A more plausible picture of obligations of gratitude paints them as obligations that we ought not be upset at having. Even if those obligations sometimes land us in situations we find unpleasant, we should not regret the benevolence that gave rise to those obligations. A similar point could be made about parenthood, love, or friendship. In all such relationships, a parent, lover or friend will sometimes find himself tightly constrained by certain obligations and commitments. Such constraints may be in themselves unpleasant; but a good parent, lover or friend will not take that unpleasantness as reason to regret the special relationship they stem from (Owens 2012). By the same token, it might be argued that a good beneficiary will not regret or avoid having been shown benevolence, despite what obligations may arise as a result. Indeed, insofar as we incur moral obligations in accepting or receiving favors, we might even find pleasure or pride in such obligations. Card (1988) argues that in bestowing a favor upon a beneficiary, we should see the benefactor as expressing her faith in the beneficiary as someone worthy of benevolence, and as someone who can be trusted to return a favor in the future. Beneficiaries should see themselves not as debtors, with the constant need to prove to benefactors that they are indeed grateful, but as trustees, who already have the confidence of their depositors. On this “trusteeship paradigm”, obligations of gratitude are obligations we are proud and honored to have been given.
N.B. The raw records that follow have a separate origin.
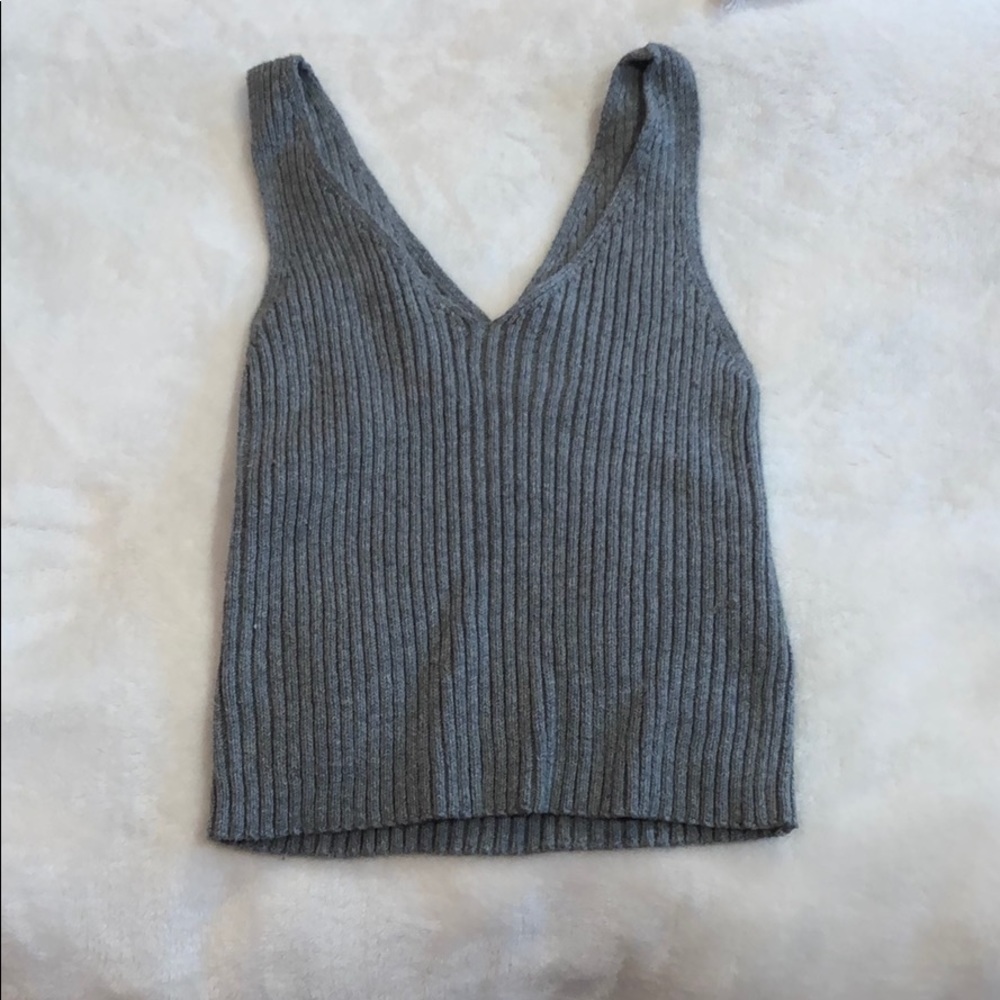 Grey tank top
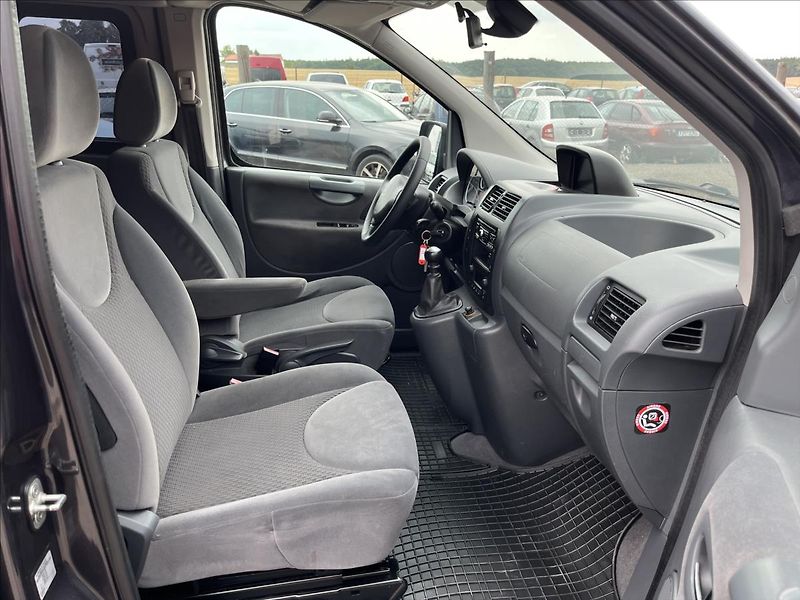 Peugeot Expert Tepee 2,0 HDi 8.MÍST KLIMA NAVIGACE - fotka 11 z 42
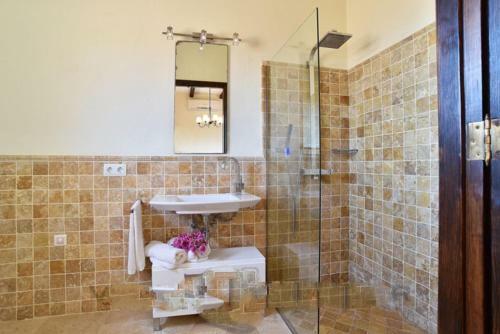 Agroturismo S'horta Villa Sleeps 8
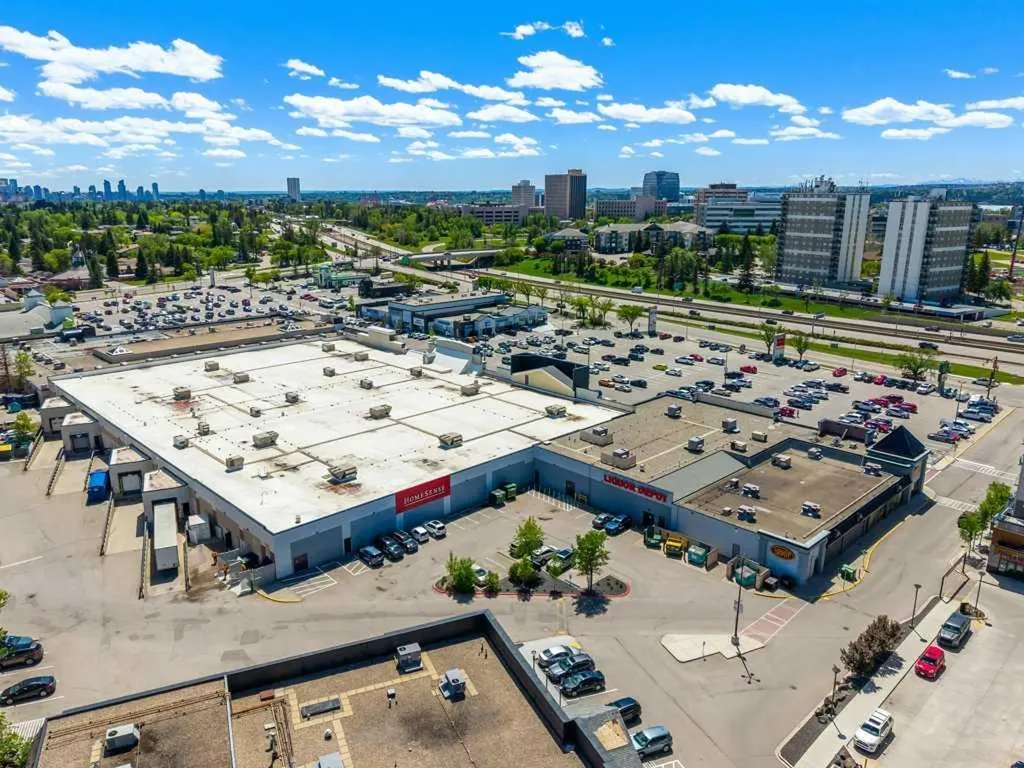 10 Brentwood Common NW Calgary AB T2L 2L6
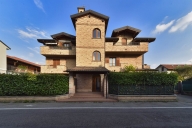 Visualizza le foto dell'immobile Visualizza le foto dell'immobile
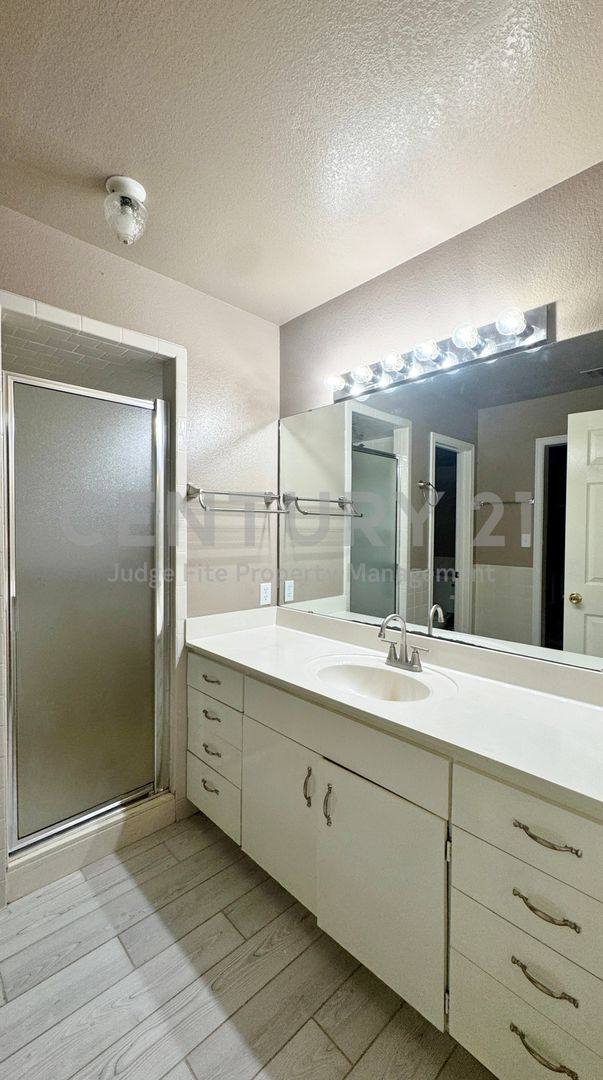 House for rent at 7001 Porthville Dr, Mabank, TX 75156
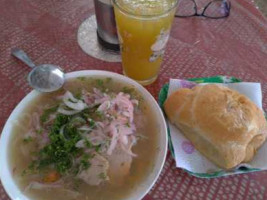 Encebollados Salomón food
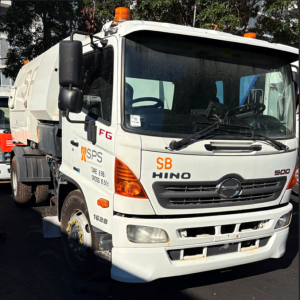 Hino FG8J V4737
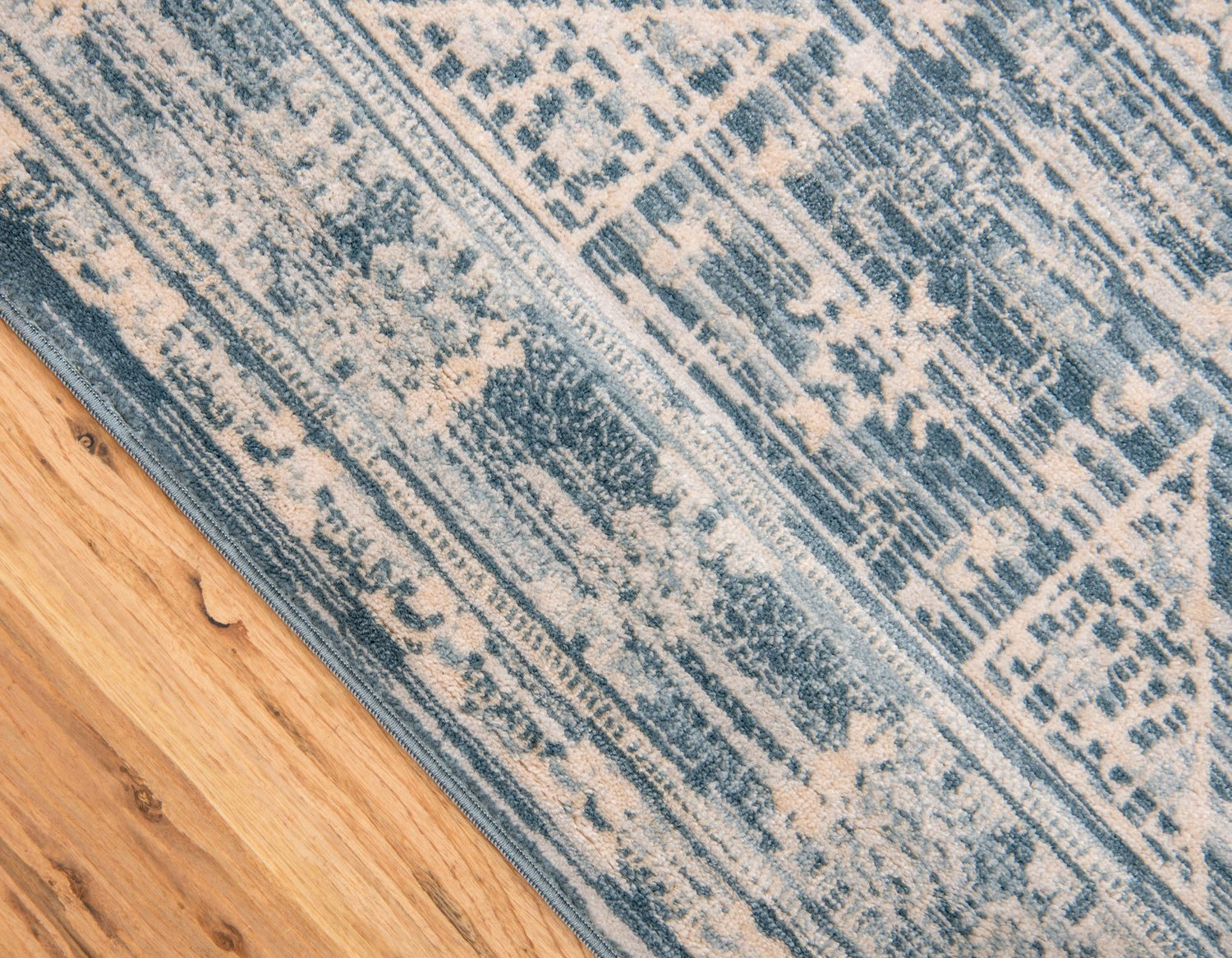 Blue 2' 2 x 3' Paris Rectangle Area Rug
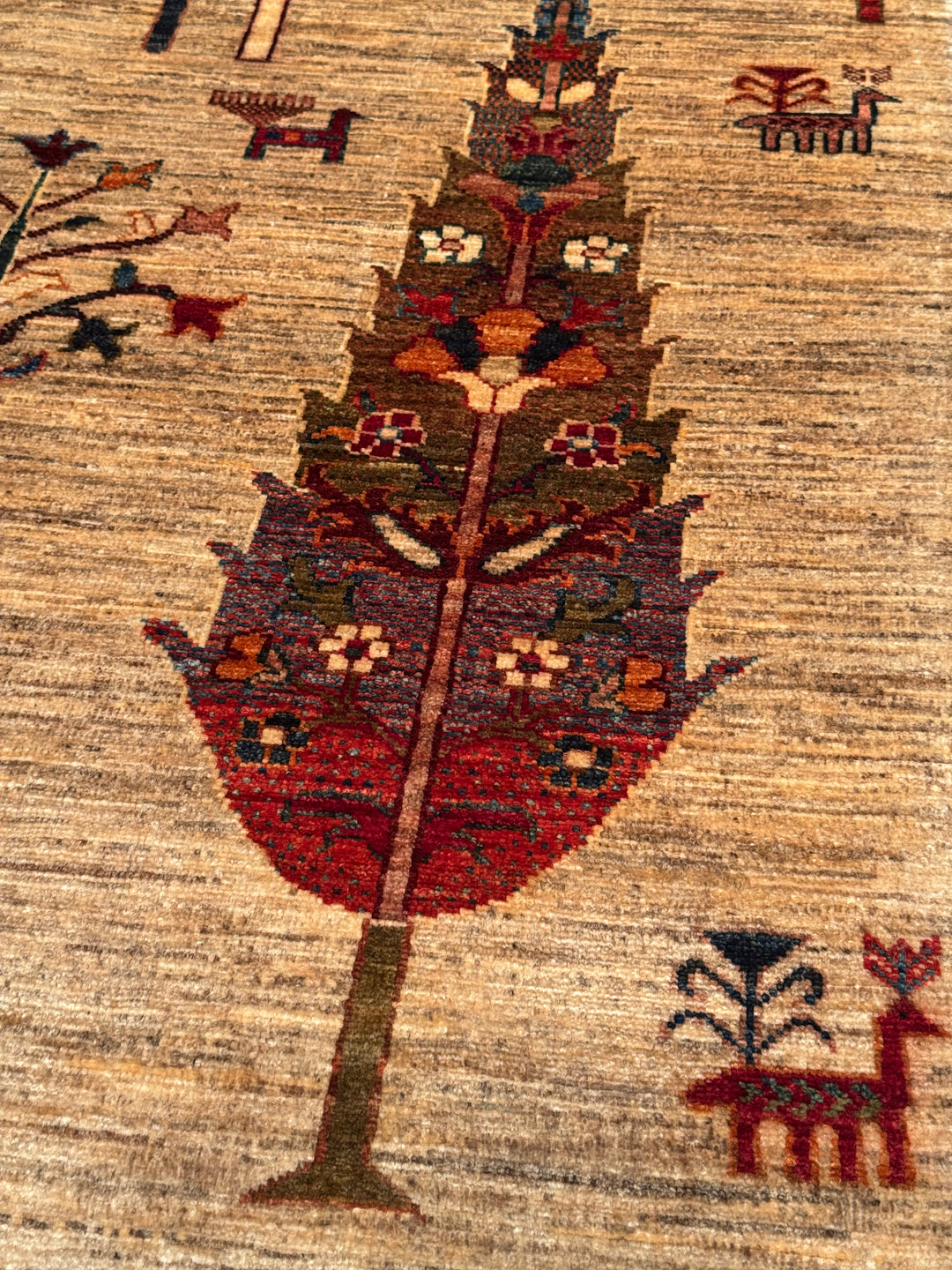 سجادة سلطاني تري أوف لايف الأصلية المصنوعة يدويًا من الصوف بلون بيج مصبوغ بصبغة الجذور، 175×249، 4.36 متر مربع - 5×8 قدم 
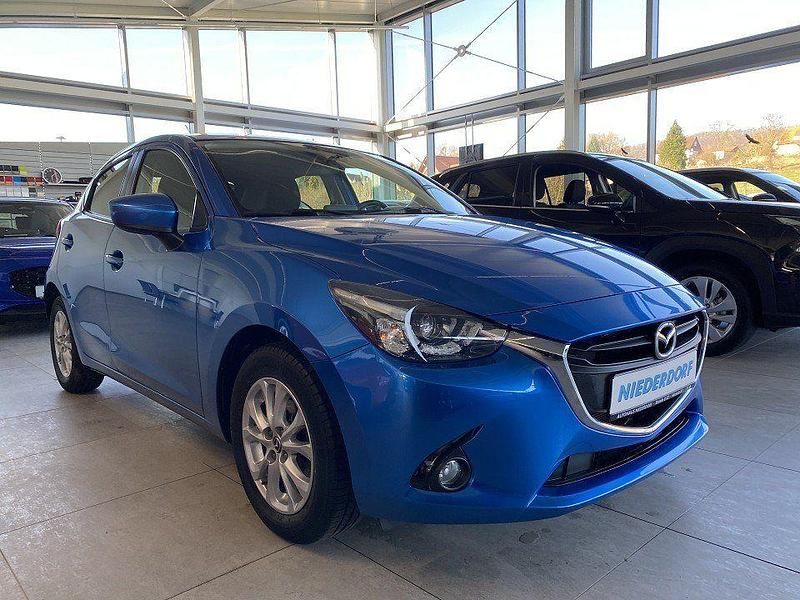 Blau Gebraucht 2015 Mazda 2 Exclusive Limousine | 9.900 € (Fairer Preis) - Bild 1/4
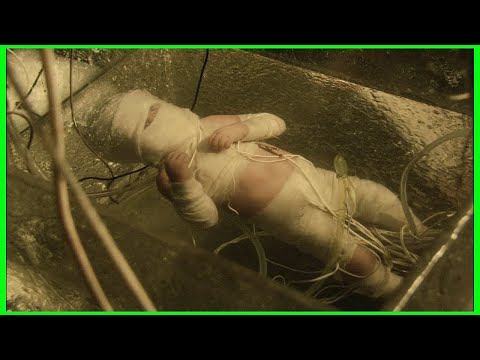 Видео: Из-за сделки с дьяволом родился сын, органы которого забрали демоны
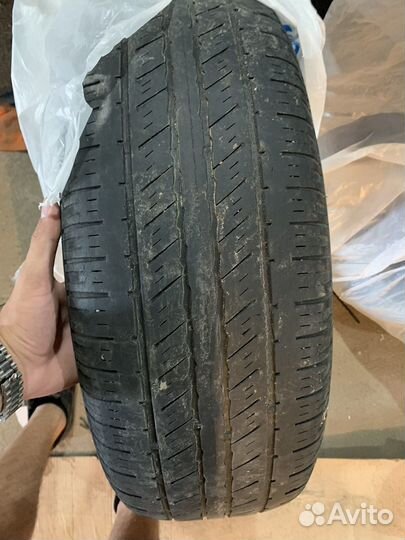 Hankook Dynapro HP RA23 215/65 R16 98H
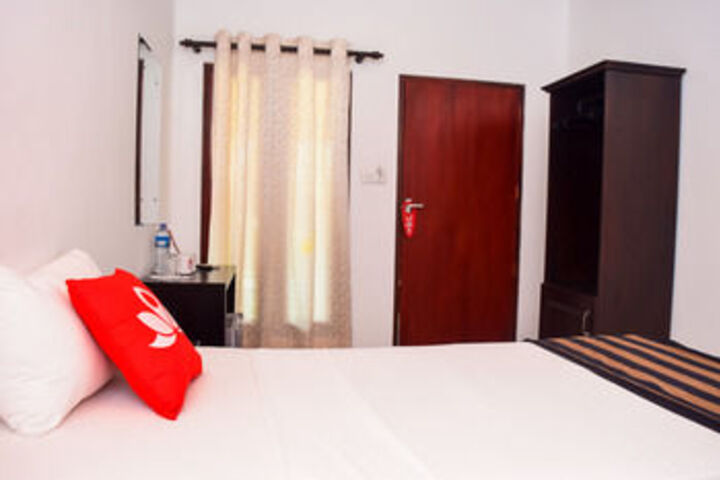 Room 20 of 34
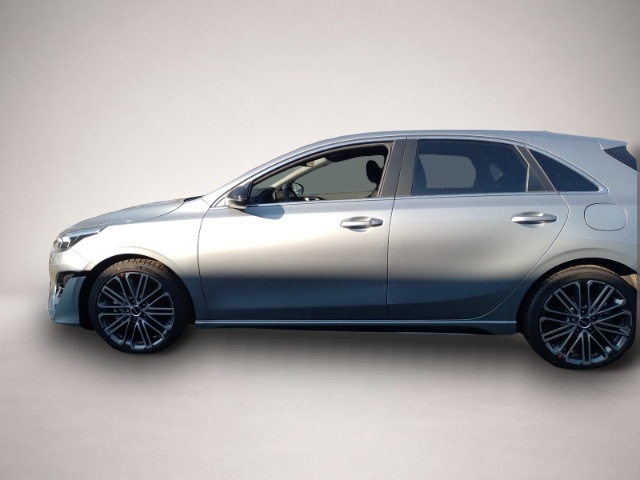 Bild 2 Kia cee'd / Ceed Cee'd 1.5T-GDI DCT7 GT-Line Navigation Kamera LH
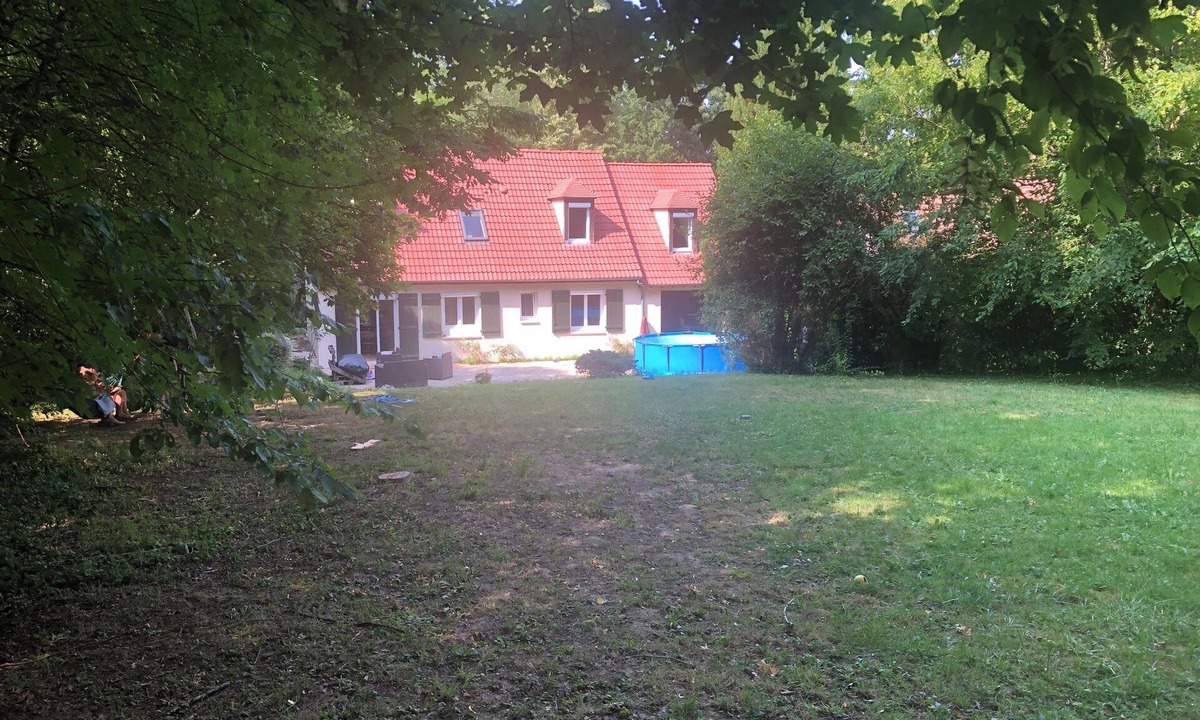 Poigny la Foret House | Maison Familiale Dans la Forêt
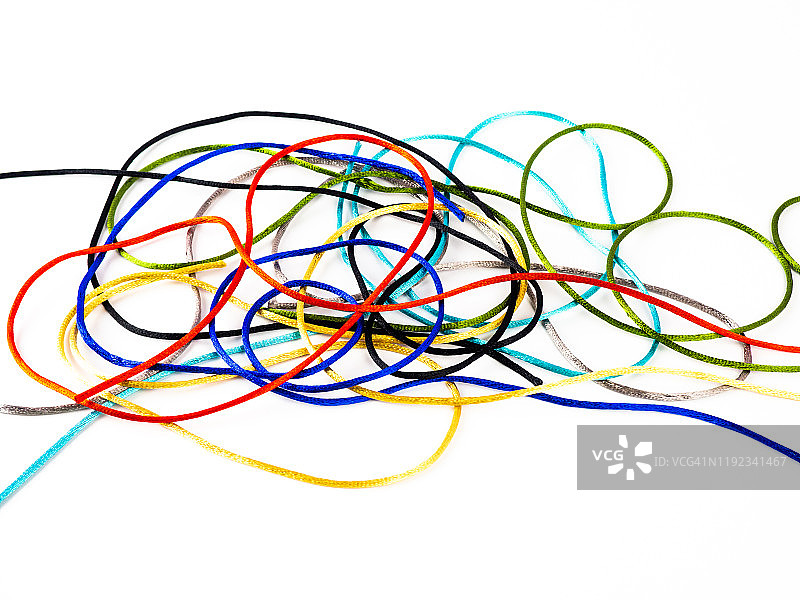 白色背景上缠绕的彩色丝线抽象背景图片素材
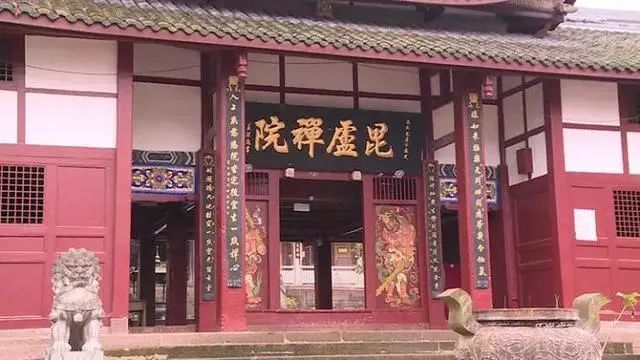 毗卢寺村位于安居区白马镇以西5公里,因古刹毗卢禅院而得名.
Still, there may be wisdom in the point Kant makes in the Lectures. We may want to be careful who we accept favors from, insofar as there are people whose interests we would not want to have to consider in our future practical deliberations (Camenisch 1981). Furthermore, even a competent trustee open for business will be reluctant to take on too many deposits, lest he find himself having to pay too many back at the same time. That this reluctance may be reasonable finds support in the claim that sometimes, it seems, benefactors may need to ask for permission before doing a favor (Card 1988).
One question that hinges on gratitude’s deontological status is the question of whether political obligation—subjects’ obligations to their state—can be derived from subjects’ gratitude to the state. Political obligation is often understood in the specific sense of obligation to obey the laws and decrees of the state. With this understanding in mind, the argument from gratitude for political obligation runs roughly as follows:
- The state benefits its subjects.
- Subjects therefore owe obligations of gratitude to the state.
- Among these is the obligation not to harm the state.
- Disobeying the state’s decrees and laws harms the state.
- Therefore, subjects have an obligation to obey the state’s laws and decrees.
This argument has an ancient pedigree (depending on how one interprets Plato [Crito]), and it boasts certain theoretical advantages over other derivations of political obligation. It explains, for instance, why subjects have obligations to their own particular state, rather than, say, to every state that is just or legitimate. It also does a better job than other theories of political obligation at explaining why refugees seem to have prima facie obligations to obey the laws of their host countries, at least when those refugees are treated generously, fairly and respectfully (D’Cruz 2014). The argument from gratitude for political obligation has also been the target of many objections.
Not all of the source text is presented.